The IAF has lost the qualitative edge vis-a-vis the PAF and the PLAAF, and may descend into numerical parity with the PAF for the first time in the near future because of our failure to induct new systems in time and in sufficient quantities. The IAF’s draw down will become critical by 2020 with all MiG 21s, MiG 27s and portions of the Jaguar fleet being phased out. No replacements in sufficient quantities are available as of now. While the Tejas Mk 1 LCA has technologies superior to the JF 17, the fact is that the latter has been in full operational service for some years, whereas the Tejas Mk 1 has not even been deployed and will be obsolescent soon. The Tejas Mk 2 variant is still on paper. One cannot fight a war using an aircraft which has some aspects of advanced technology incorporated but which is not combat-ready and available in very limited numbers. This mess is of our own making. Let alone a limited conflict on two fronts, we will soon lack the capabilities for a single front conflict if the situation is allowed to deteriorate further. Not just our combat fleet, but our helicopter, medium and light transport, intermediate and advanced trainer fleets, SAMs and a whole lot of other systems are obsolete and also not available in required numbers.
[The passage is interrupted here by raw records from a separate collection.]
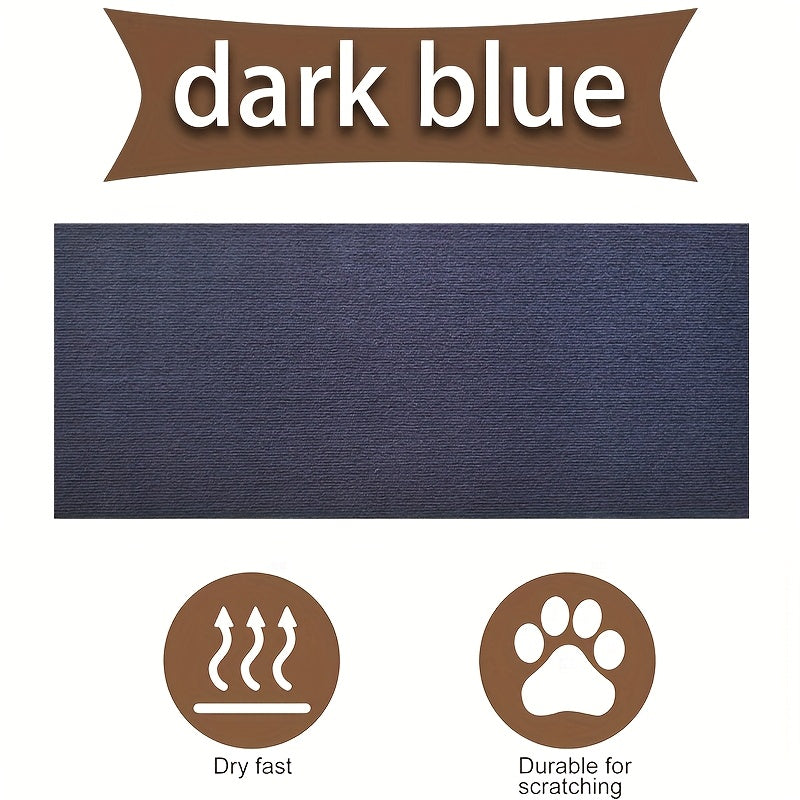 Interactive Cat Scratching Mat & Climbing Board - Multi-size Pack, Durable Polyester, Modern Design With Colorful Stripes, Perfect Gift For Cats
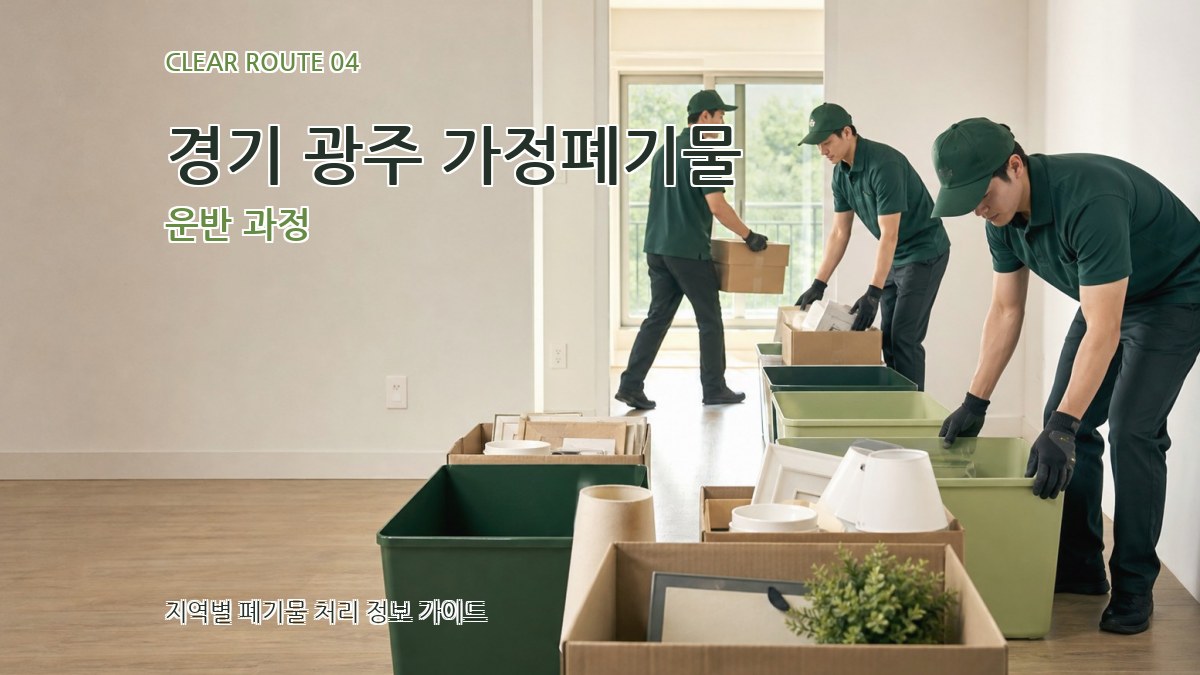 경기 광주 가정폐기물 운반 과정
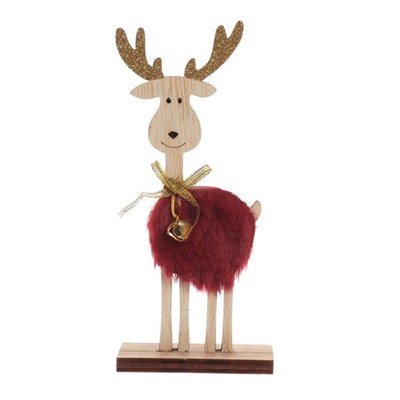 Новогодний декор «Олень с колокольчиком» 7×4×15,5 см, красный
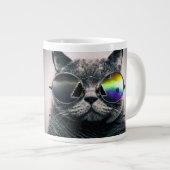 Cool als Katze Jumbo-Tasse (Vorderseite Rechts)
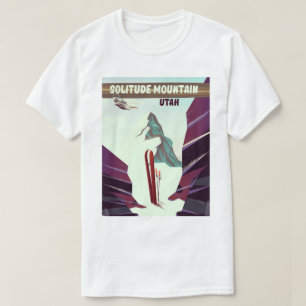 Solitude Mountain Utah vintage reisposter. T-shirt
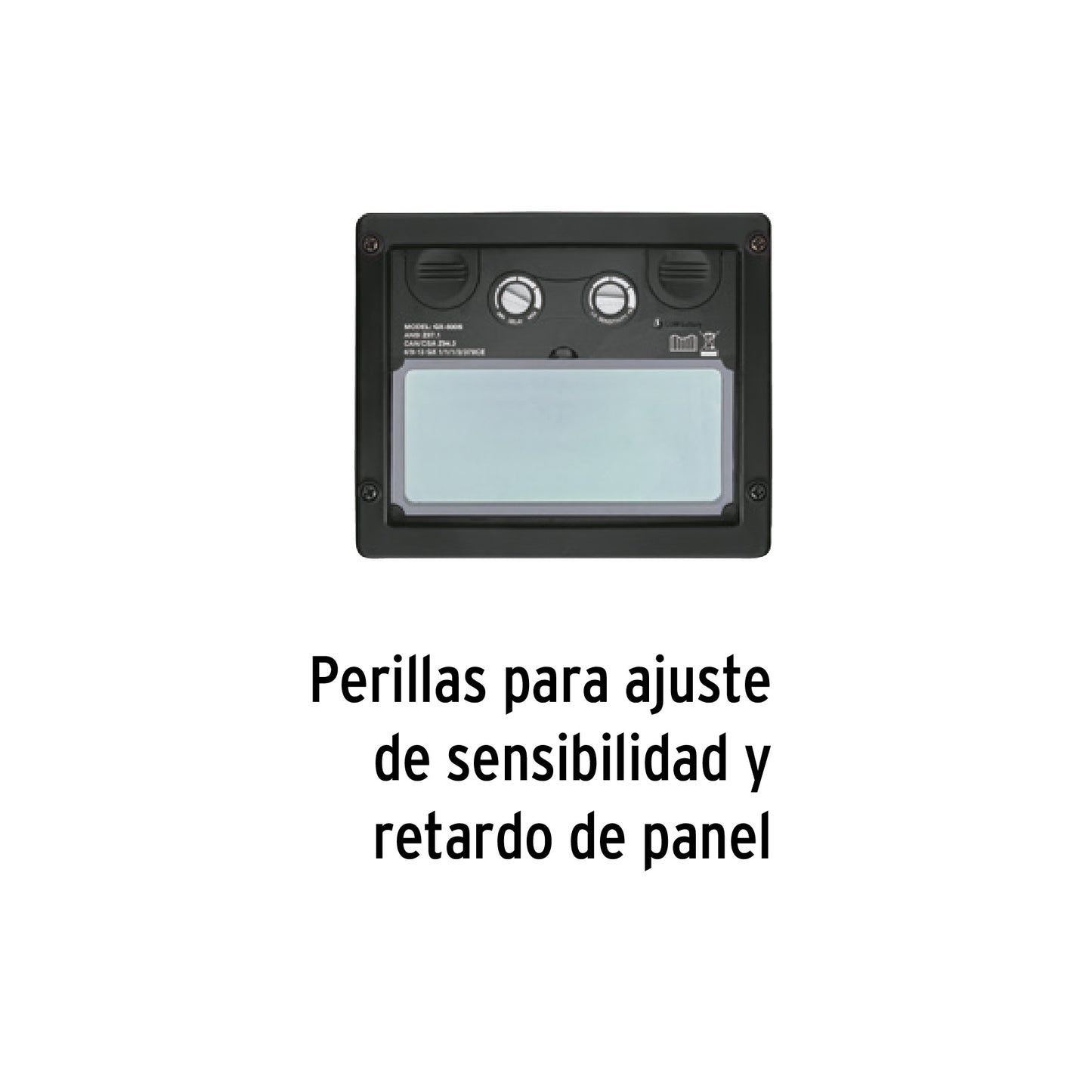 Careta Electrónica Soldadura PRETUL 9-13 Sombra Variable - Protección Profesional Anti-Fatiga Ocular
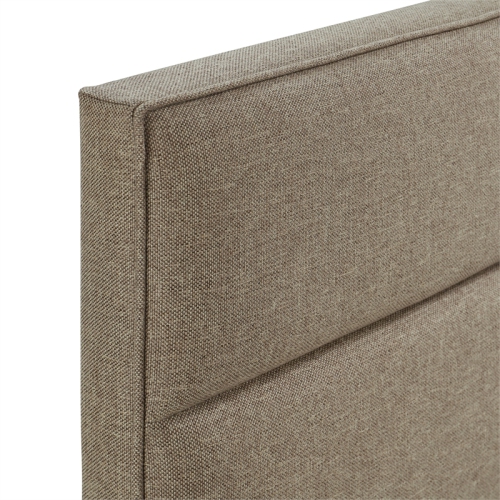 Serta Palisades Queen Upholstered Headboard in Brown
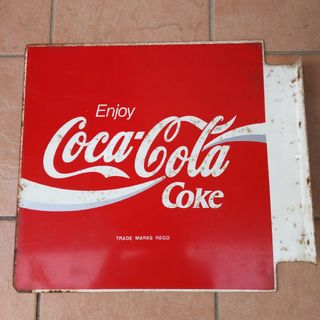 コカコーラ(コカ・コーラ)のコカ・コーラ Coca Cola TRADE MARK REGD  看板　鉄製(その他)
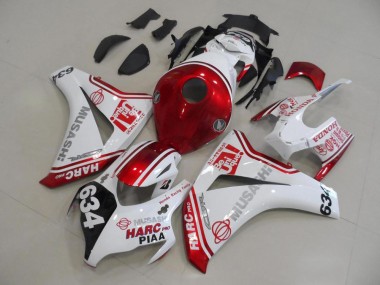 ABS 2008-2011 White Red HARC Pro PIAA 634 Honda CBR1000RR Motor Fairings Canada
The disenchantment of the USA with Pakistan that began in the 1970s came to an end with the policy to counter the Soviet Union in Afghanistan…

At its birth in 1947, the Royal Pakistan Air Force (RPAF) inherited just a few Tempest fighters and Dakota transport aircraft along with some Harvard and Tiger Moth trainers. The Pakistan military in general and the Pakistan Air Force (PAF) in particular languished till May 1954 when Pakistan signed its first defence agreement with the USA. And then, in September 1954, Pakistan became a member of the South East Asian Treaty Organisation (SEATO) which was formed to contain Soviet influence in the region. Pakistan continued to be a member of SEATO till the end of 1971 and was also a member of the Central Treaty Organisation (CENTO) or the Baghdad Pact from its formation in 1955 till its dissolution in 1979.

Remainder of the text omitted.